One way of summarizing the history of independent India – and the contents of this book – would be through a series of ‘conflict maps’. One might draw a map of India for each decade, with the conflicts then prevalent marked in various colours depending on their intensity: blue for those that democratically advance the interests of a particular group; red for those that more aggressively, yet still non-violently, ask for a major change in the law; black for those that seek the destruction of the Indian state by armed insurrection.

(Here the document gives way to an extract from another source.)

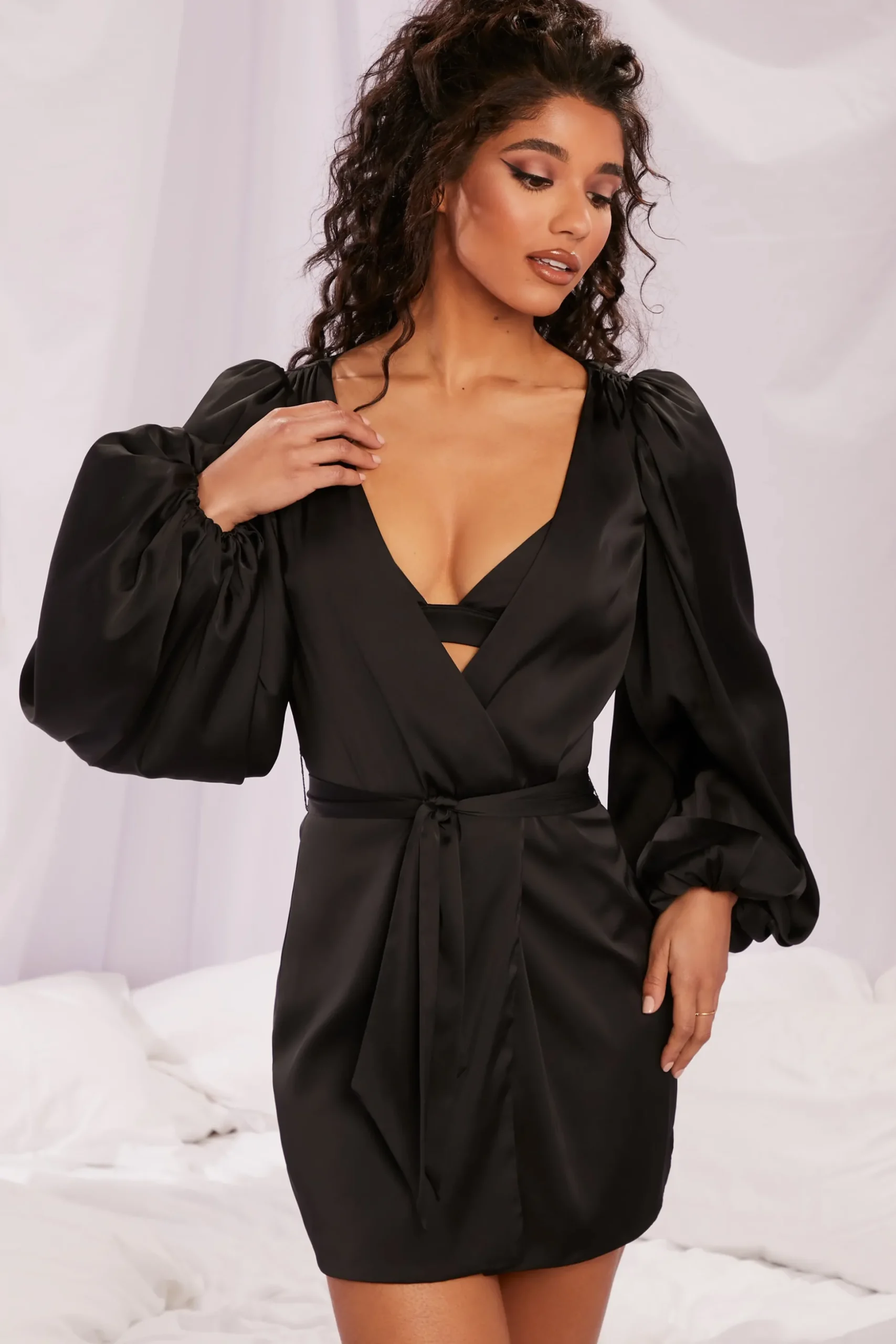 Oh Polly Women'S Clothing Sale - $65 And Under | Women'S Clothing Sale - $40 And Under^Satin Balloon Sleeve Robe in Black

Reading these maps chronologically, one would find major variations across the decades, with red areas becoming black, black areas becoming red, and blue and red areas becoming white, that being the colour of those parts of India where there appears to be no major conflict at all. These maps would present a vivid kaleidoscope of changing colours. But amid all the changes the discerning observer would also notice that two things remain constant. The first is that the shape of the map does not change through all its iterations. This is because no part of India has
successfully
left
India. The second is that at no time do the blue, red and black areas, taken together, anywhere approximate the extent of the white areas of the map. Even in what were once known as its ‘dangerous decades’, much more than 50 per cent of India was comfortably at peace with itself.